— PROBLEM STATEMENT —
What is needed is an exact reproduction of the lines in the records below, starting at the line with "ラウンドネック 前開き ニット[20484]" and ending at the line with "3232 MCCARTHY COURT", both included, and nothing else; pictures stay out.
--- MATERIAL TO PROCESS Enclosed Below ---
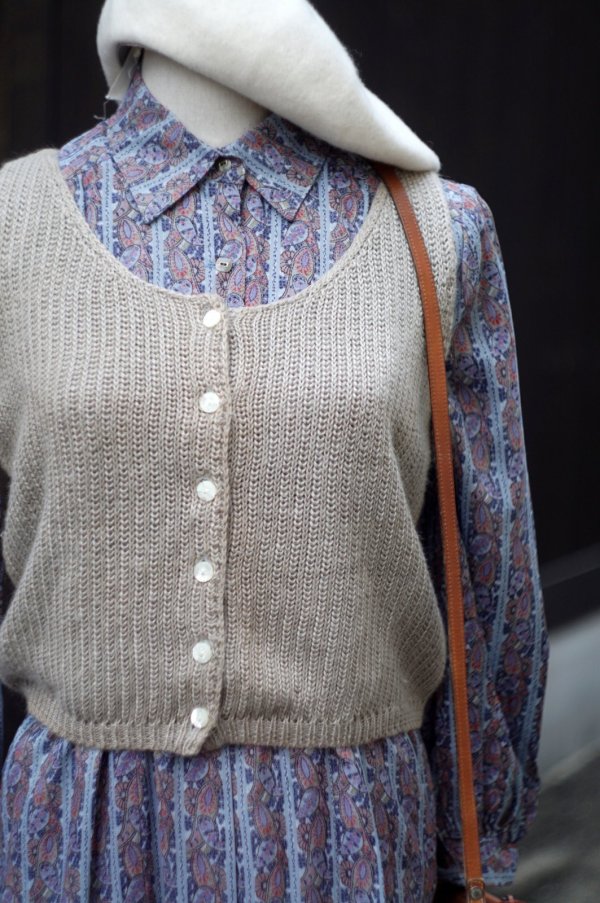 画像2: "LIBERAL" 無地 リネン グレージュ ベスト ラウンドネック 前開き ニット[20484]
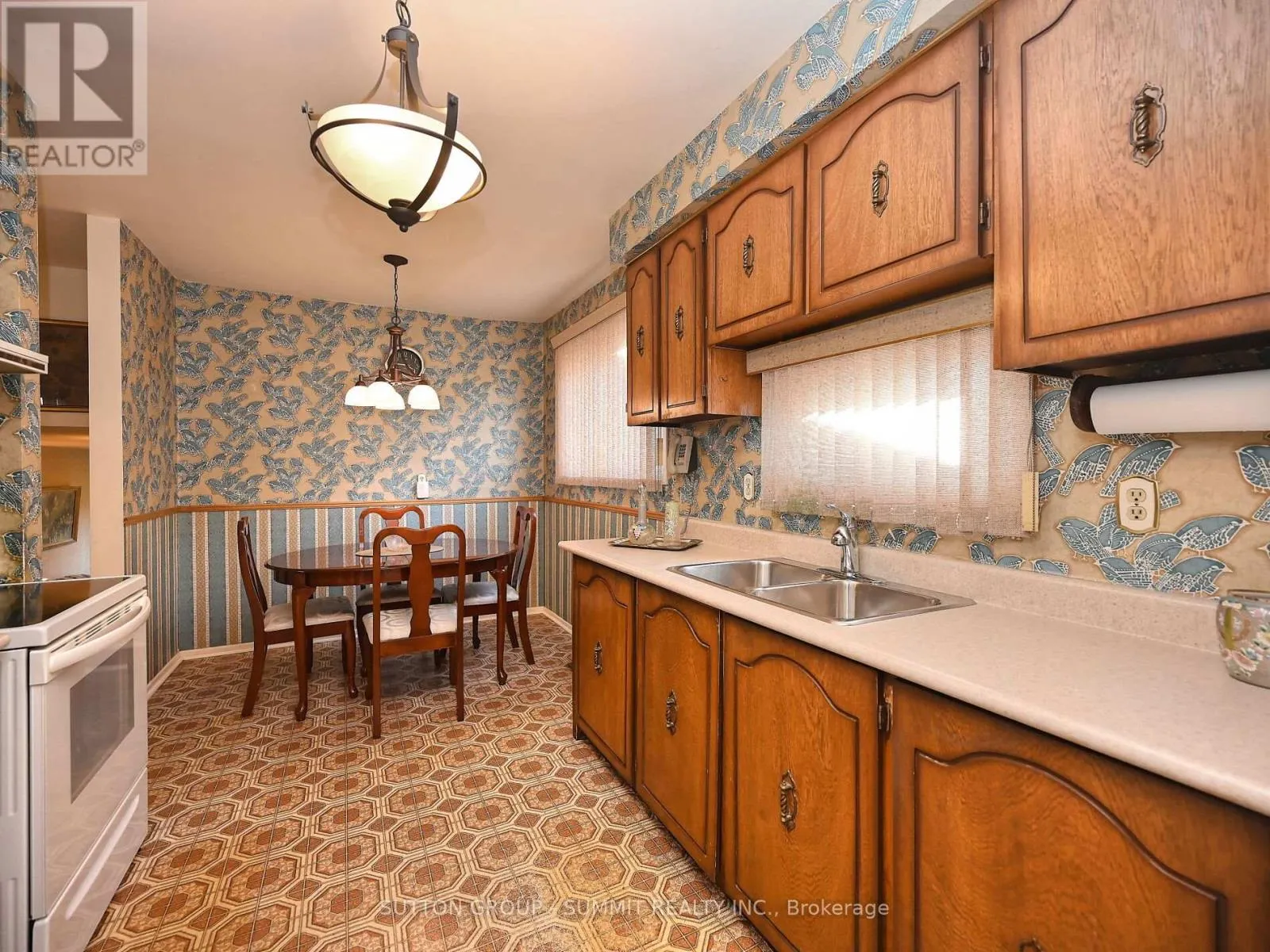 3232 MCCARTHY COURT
--- End of Enclosed MATERIAL TO PROCESS ---
--- MATERIAL TO PROCESS Enclosed Below ---
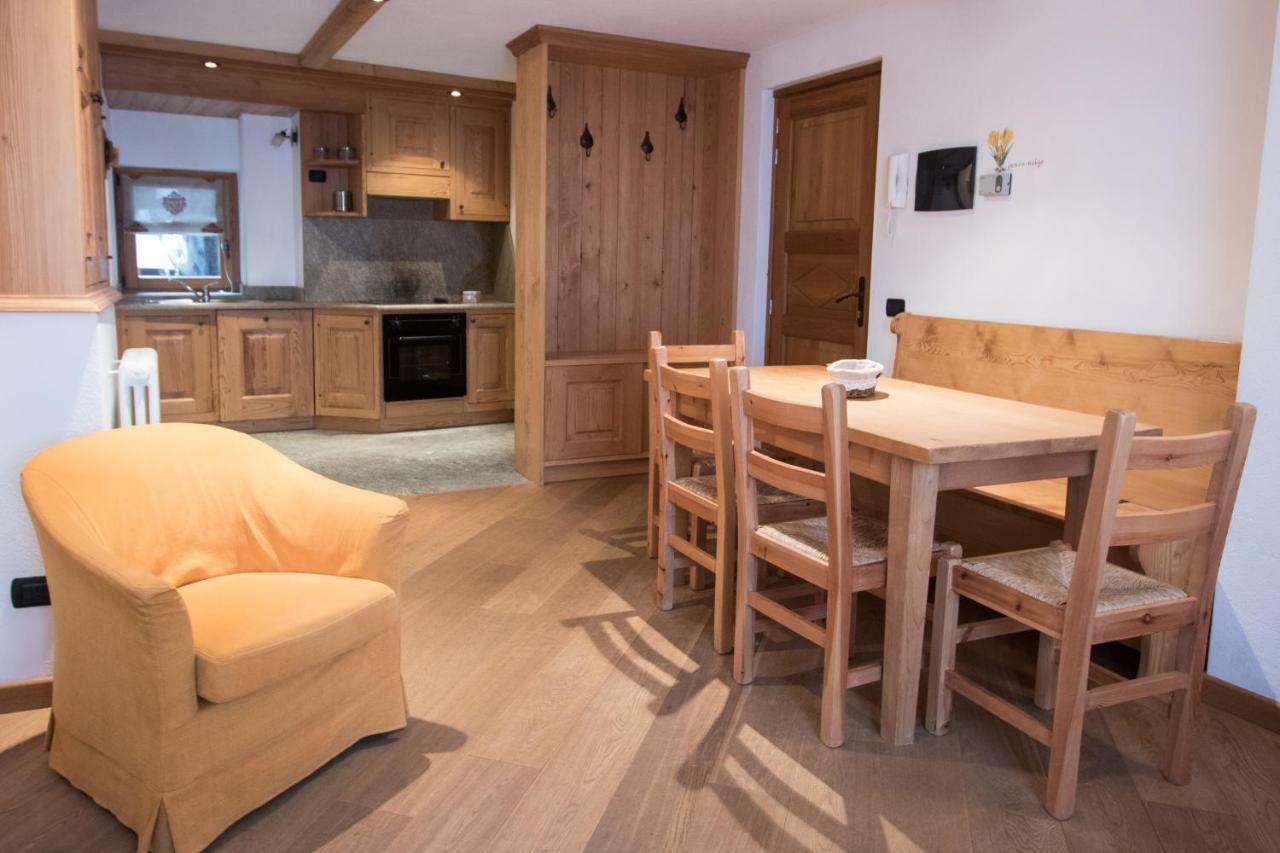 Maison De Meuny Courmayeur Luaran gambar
--- End of Enclosed MATERIAL TO PROCESS ---
--- MATERIAL TO PROCESS Enclosed Below ---
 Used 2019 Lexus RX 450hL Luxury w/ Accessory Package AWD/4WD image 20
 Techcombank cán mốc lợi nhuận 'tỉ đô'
--- End of Enclosed MATERIAL TO PROCESS ---
— TASK RESULT —
 画像2: "LIBERAL" 無地 リネン グレージュ ベスト ラウンドネック 前開き ニット[20484]
 3232 MCCARTHY COURT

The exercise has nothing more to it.